Romano Prodi ne è sicuro: “L’economia deve essere il vero campo da gioco. Prendiamo il costo del lavoro. Attualmente quello italiano è grandemente inferiore rispetto a quello tedesco e francese. E possiamo dire che è meno lontano da quello cinese: un tempo il nostro era 40 volte il costo orario del lavoro di Pechino, ora 2,5-3 volte. Non siamo a costo pari, ma ci stiamo avvicinando e bisogna preparare il futuro”.

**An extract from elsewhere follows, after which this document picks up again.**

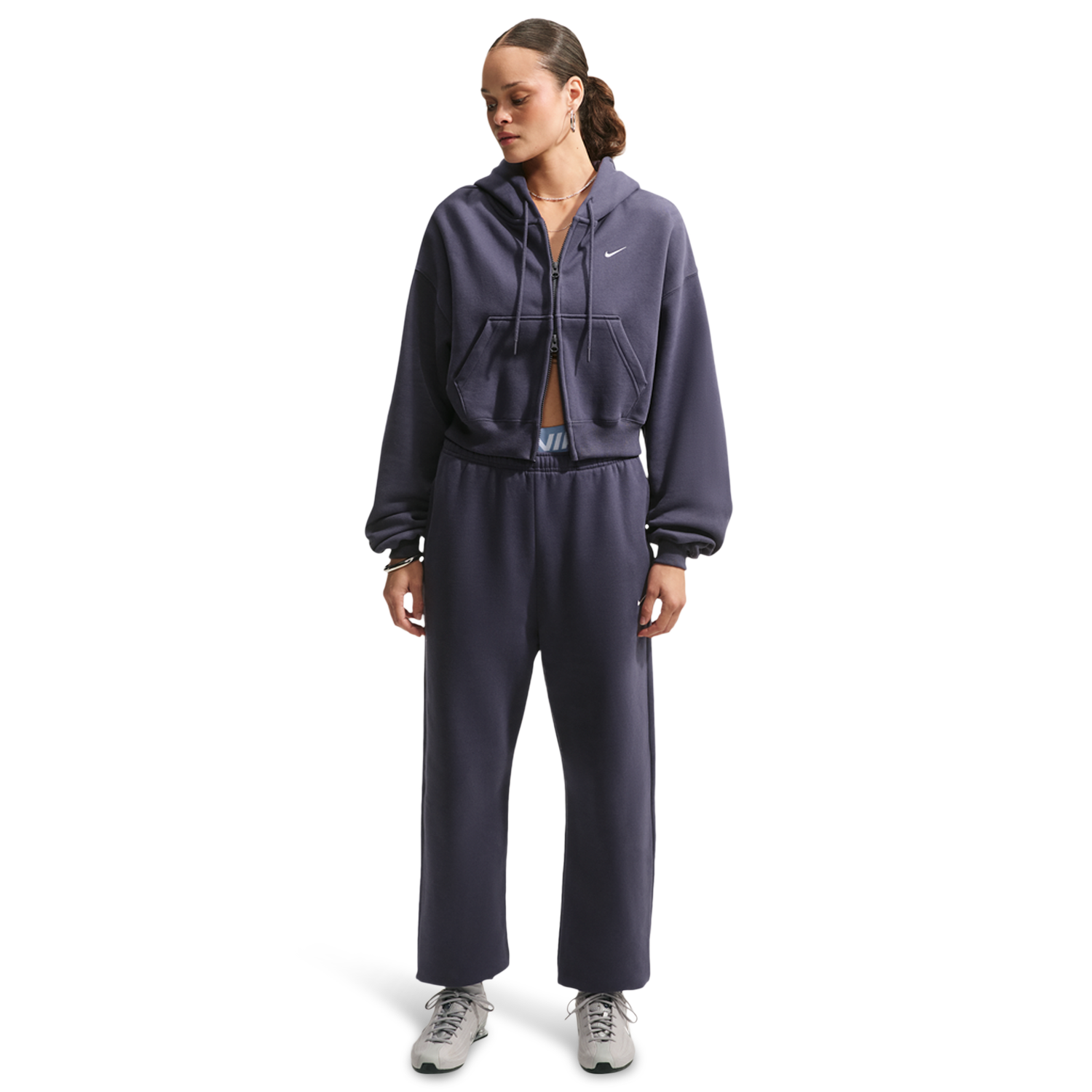 Nike Studio Fleece Mid-OS Crp FZ Hoodie - Women's - Gridiron/Sail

Così Romano Prodi ha affermato, con una certa malcelata soddisfazione lo smantellamento del mercato del lavoro in Italia, con risultati che sono sotto gli occhi di tutti: riduzione del salario, e delle tutele tanto faticosamente conquistate in un secolo di lotte.
Ottimo lavoro.
E dire che lui dovrebbe essere un portavoce della compagine di sinistra, che delle lotte dei lavoratori, almeno a parole, ne ha sempre fatta una bandiera.

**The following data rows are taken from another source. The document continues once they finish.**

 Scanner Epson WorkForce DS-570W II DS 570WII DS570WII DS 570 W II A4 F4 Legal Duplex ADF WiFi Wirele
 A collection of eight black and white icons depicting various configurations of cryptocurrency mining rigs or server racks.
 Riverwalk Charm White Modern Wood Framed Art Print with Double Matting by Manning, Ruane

Ma, si sa, ormai i lavoratori italiani sono stati abbandonati dai nipotini del PCI, o di una delle mille sigle che si sono succedute negli ultimi anni, e che secondo i proclami di Zingaretti non sono destinate e finire qui.
Cambiare tutto, anche nome e simbolo, per non cambiare nulla.
Un futuro al Quirinale?
È un Romano Prodi a tutto campo quello intervistato dal ’Corriere della Sera’.
“Prima di andare in pensione a me piaceva fare il premier. Questo sì che mi piaceva, ma non ho mai puntato alla presidenza della Repubblica. E non ci penso certo ora”.
Nega decisamente che possa esserci il suo nome tra i candidati alla successione di Sergio Mattarella.
“Peraltro – aggiunge il Professore – quegli oltre 101 che in Parlamento votarono contro di me, ci sono ancora”.